The final Thanksgiving-themed episode of This Is Us is a showcase for series star Mandy Moore. Two-time Oscar winner Renée Zellweger camps it up in the Dateline-inspired limited series The Thing About Pam. Julian McMahon leaves FBI: Most Wanted after three seasons. An HBO documentary examines the disappearance and murder of journalist Kim Wall in Denmark.

Ron Batzdorff/NBC

This Is Us

Thanksgivings have been the setting for many of the family drama’s most memorable episodes, and that’s the case again in the final season. As Beth (Susan Kelechi Watson) remarks to Randall (Sterling K. Brown) while the family is driving toward another eventful dinner: “The Pearson epitaph will read: Lovely people. Cried a lot. Traumatic as hell Thanksgivings.” The focus is on matriarch Rebecca—this is surely Mandy Moore’s Emmy submission this year—as she gathers her kids to declare her wishes before sinking deeper into dementia. Flashbacks shed light on several other pivotal Thanksgivings for Rebecca, first husband Jack (Milo Ventimiglia), future second husband Miguel (Jon Huertas) and the rest of the family. In the present, fault lines are becoming ever more obvious in the doomed long-distance marriage of Kate (Chrissy Metz) and Toby (Chris Sullivan). Bring some hankies along with your appetite to this emotional feast.

The Thing About Pam - Renee Zellweger
Skip Bolen/NBC

The Thing About Pam 

Series Premiere

I’ve long argued for the broadcast networks to return to the miniseries/limited series format, but this expanded six-part dramatization of Dateline NBC is not exactly what I had in mind.
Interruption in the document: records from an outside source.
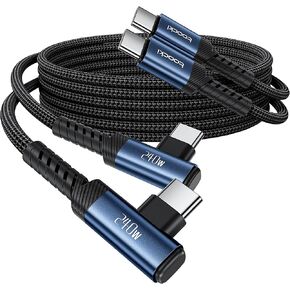 toocki USB C Cable, 2Pack, 10ft, 240W Fast Charging Type C Cord, 90 Degree in Kuwait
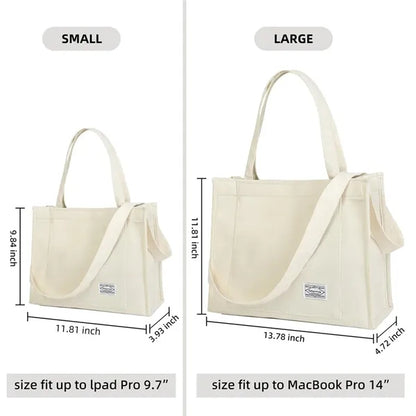 Mini Corduroy Tote Bag with Short Handles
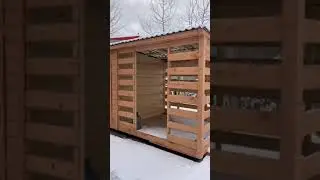 ОТЗЫВ на бытовку-дровник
Two-time Oscar winner Renée Zellweger camps it up under a mountain of prosthetics and a glare that silences barking dogs as formidable Missouri hausfrau Pam Hupp, who’s been featured multiple times on Dateline. Implicated in the murder of her best friend (Katy Mixon), Pam preens and slurps giant sodas while trying to frame the victim’s clueless husband (Glenn Fleshler). Josh Duhamel (as a tightly permed defense lawyer) and Judy Greer (as a tightly wound prosecutor) co-star, but the main attraction besides Zellweger’s stunt casting is the creepy voice-over narration of Dateline frontman Keith Morrison, dripping smarm with every intonation. (Full review here.)

Julian McMahon as Jess LaCroix in FBI Most Wanted
Mark Schäfer/CBS

FBI: Most Wanted

After three seasons and nearly 50 episodes, Julian McMahon (Nip/Tuck) turns in his badge as Supervisory Special Agent Jess LaCroix as he and Sarah (Jen Landon) plan to take a dream vacation. But first, the team goes after a domestic abuser whose scorched-earth search for his ex-girlfriend reminds Jess of the trauma involving Sarah’s ex last season. Let’s hope the couple gets the happily-ever-after they deserve. Next month, Dylan McDermott (Law & Order: Organized Crime) joins Most Wanted as the new team leader.
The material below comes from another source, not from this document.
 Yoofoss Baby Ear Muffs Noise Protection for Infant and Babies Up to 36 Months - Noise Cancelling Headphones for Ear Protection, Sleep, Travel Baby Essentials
Ana Gasteyer in the American Auto premiere
Greg Gayne/NBC

American Auto

Season Finale

The first season of the workplace satire ends with another potential calamity, when Payne Motors’ self-sabotaging embattled CEO Katherine Hastings (Ana Gasteyer) submits to a TV newsmagazine interview in a desperate effort to polish her public image. It would help if she knew the first thing about cars. Reliable character actor Marc Evan Jackson (The Good Place, Brooklyn Nine-Nine) is the reporter who everyone fears will take her down with a “gotcha” question. Don’t they all know she’s her own worst enemy?
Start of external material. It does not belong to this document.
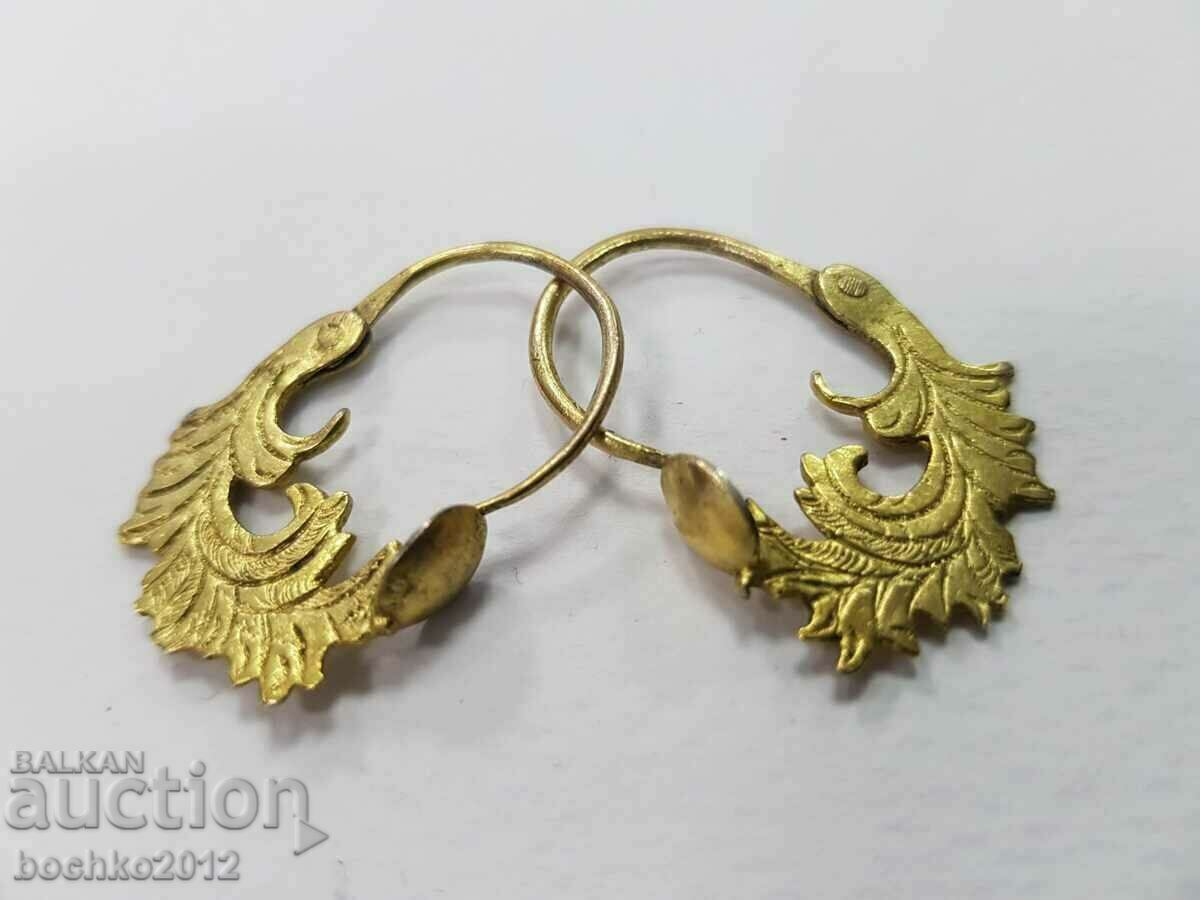 Bulgarian renaissance earrings, arpalia with mercury gilding with price 150.00 BGN | € 76.69 Bulgarian renaissance earrings, arpalia with mercury gilding with price 150.00 BGN | € 76.69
Undercurrent: The Disappearance of Kim Wall

Documentary Premiere

With two parts airing back to back, Erin Lee Carr’s documentary revisits the 2017 mystery of Swedish journalist Kim Wall, who vanished after boarding Danish engineer/entrepreneur Peter Madsen’s self-made submarine. The first hour delves into Wall’s disappearance and Madsen’s ever-changing story about how she died. The second hour explores Denmark’s judicial process as the high-profile Madsen is brought to justice.

More True Crime:

  • Crime Scene Confidential (9/8c, Investigation Discovery, also streaming on discovery+): Alina Burroughs, a former Florida CSI, reexamines the evidence in six shocking cases in a new docuseries, opening with the 2008 death of toddler Caylee Anthony—which she previously investigated. Her interviews with experts on both sides, and the child’s grandmother, may leave you baffled as ever. Followed by a fourth season of True Conviction (10/9c, also streaming on discovery+), featuring Brooklyn homicide prosecutor Anna-Sigga Nicolazzi.
  • Perfect World: A Deadly Game (streaming on Peacock): A two-part docuseries goes inside a multi-player video game that takes a sinister turn when one of the anonymous players announces he’s killed, or plans to kill, his own family. It’s no longer a game as the rest of the online group tries to locate and stop the killer.

Inside Tuesday TV:

  • Grand Crew (8:30/7:30c, NBC): Also wrapping its first season: the wine-soaked buddy comedy, where serial dater Nicky (Nicole Byer) helps her romantically challenged brother Noah (Echo Kellum) figure out if his latest girlfriend is ready to be “the one.”
  • More finales, reality competition division, with Season 2 of Fox’s I Can See Your Voice (9/8c) playing its last musical game, and TBS’ Wipeout (9/8c) wrapping with hosts Nicole Byer and John Cena giving favorite teams from past episodes a second chance to conquer the messy obstacle course.
  • No Retreat: Business Bootcamp (10/9c, CNBC): Broker turned sports and wellness yogi Joe De Sena helps companies beef up their bottom line through mental and physical endurance teamwork tasks. First up: New business owners on the cusp of defaulting on $3 million in loans learn how to lift their confidence.
  • Legacy: In the Shadow of Greatness (streaming on discovery+): A six-part docuseries follows the next-generation careers of the offspring of NBA star Dwyane Wade, boxer Evander Holyfield and the NFL’s Randall Cunningham.
  • Taylor Tomlinson: Look at You (streaming on Netflix): The comedian delivers her second Netflix stand-up special from Boston’s Wilbur Theater, where she mines humor from her struggles with mental health, grief and dating.